Source data: Begin
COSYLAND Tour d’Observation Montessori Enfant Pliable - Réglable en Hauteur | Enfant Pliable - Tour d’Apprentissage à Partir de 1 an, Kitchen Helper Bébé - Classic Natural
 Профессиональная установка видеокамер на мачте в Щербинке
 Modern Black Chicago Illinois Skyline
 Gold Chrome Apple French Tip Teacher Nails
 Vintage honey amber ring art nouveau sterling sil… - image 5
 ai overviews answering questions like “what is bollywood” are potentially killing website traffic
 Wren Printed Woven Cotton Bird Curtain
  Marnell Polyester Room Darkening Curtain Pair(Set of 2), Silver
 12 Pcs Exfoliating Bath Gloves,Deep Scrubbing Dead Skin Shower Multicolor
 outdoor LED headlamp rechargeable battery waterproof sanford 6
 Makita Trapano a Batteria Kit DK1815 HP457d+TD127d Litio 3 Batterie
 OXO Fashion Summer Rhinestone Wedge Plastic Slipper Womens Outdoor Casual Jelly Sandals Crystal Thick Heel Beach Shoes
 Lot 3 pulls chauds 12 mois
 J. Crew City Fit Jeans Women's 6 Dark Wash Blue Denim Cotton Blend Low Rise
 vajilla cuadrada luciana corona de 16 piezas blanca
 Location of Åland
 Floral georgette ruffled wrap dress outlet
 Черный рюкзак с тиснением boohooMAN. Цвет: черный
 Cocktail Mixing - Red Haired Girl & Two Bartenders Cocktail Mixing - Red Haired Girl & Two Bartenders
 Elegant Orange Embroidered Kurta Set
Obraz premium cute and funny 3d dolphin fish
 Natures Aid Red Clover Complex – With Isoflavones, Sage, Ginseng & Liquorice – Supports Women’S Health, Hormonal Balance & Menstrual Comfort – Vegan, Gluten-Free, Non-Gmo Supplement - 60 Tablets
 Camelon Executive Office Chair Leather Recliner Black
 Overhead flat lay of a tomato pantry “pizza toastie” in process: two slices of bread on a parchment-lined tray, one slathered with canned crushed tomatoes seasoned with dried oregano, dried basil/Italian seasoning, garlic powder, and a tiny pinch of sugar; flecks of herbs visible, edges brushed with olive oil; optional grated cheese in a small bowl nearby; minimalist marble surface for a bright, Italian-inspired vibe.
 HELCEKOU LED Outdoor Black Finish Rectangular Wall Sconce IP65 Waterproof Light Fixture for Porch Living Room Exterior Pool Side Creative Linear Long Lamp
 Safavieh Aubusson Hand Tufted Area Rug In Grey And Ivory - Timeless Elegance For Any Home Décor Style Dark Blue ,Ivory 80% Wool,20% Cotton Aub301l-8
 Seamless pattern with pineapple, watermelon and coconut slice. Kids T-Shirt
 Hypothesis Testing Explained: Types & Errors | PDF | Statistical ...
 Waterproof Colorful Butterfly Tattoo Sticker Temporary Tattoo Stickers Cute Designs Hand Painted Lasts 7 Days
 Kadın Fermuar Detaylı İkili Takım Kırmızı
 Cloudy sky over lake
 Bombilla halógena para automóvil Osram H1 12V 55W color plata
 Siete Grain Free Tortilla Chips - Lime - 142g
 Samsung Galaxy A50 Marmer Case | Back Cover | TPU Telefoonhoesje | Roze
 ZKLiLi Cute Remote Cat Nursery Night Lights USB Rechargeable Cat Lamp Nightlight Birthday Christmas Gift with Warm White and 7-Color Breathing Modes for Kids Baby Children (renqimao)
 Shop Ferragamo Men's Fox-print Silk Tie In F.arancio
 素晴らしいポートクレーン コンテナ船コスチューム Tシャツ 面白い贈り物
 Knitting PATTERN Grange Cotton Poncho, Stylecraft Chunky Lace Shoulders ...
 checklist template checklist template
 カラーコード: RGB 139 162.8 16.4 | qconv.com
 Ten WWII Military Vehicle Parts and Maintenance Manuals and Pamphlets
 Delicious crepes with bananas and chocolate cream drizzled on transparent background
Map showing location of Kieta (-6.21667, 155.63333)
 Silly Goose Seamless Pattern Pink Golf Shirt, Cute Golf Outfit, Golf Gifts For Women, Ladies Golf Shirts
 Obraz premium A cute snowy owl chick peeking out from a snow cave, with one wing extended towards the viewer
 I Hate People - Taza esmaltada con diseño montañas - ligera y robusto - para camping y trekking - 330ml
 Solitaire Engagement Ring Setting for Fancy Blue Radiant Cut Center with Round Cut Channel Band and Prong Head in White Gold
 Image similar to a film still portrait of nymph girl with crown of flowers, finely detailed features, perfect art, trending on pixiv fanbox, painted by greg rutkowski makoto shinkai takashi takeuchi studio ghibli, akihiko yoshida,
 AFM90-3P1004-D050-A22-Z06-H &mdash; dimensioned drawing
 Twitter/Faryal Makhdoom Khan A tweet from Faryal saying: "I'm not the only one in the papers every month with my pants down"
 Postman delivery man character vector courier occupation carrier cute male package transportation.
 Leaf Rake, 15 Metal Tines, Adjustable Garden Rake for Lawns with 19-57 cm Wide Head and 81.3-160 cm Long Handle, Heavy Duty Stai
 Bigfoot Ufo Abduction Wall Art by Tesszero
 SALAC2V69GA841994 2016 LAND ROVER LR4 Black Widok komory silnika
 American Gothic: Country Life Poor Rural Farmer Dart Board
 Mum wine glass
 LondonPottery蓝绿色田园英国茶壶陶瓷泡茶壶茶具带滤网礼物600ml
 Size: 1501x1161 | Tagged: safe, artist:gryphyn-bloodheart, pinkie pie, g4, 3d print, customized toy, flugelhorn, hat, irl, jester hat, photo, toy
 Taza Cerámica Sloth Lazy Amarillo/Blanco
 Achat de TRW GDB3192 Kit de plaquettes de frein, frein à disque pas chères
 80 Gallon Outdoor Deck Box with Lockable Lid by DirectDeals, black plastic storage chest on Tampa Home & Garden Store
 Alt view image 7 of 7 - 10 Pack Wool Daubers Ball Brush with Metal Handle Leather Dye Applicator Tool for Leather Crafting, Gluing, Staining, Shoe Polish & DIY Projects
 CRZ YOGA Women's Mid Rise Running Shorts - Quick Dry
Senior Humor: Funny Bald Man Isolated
Source data: End
Directions — In the data above, retype exactly and only the lines between the one holding "Siete Grain Free" and the one holding "ZKLiLi Cute Remote", inclusive.

Expected output —
 Siete Grain Free Tortilla Chips - Lime - 142g
 Samsung Galaxy A50 Marmer Case | Back Cover | TPU Telefoonhoesje | Roze
 ZKLiLi Cute Remote Cat Nursery Night Lights USB Rechargeable Cat Lamp Nightlight Birthday Christmas Gift with Warm White and 7-Color Breathing Modes for Kids Baby Children (renqimao)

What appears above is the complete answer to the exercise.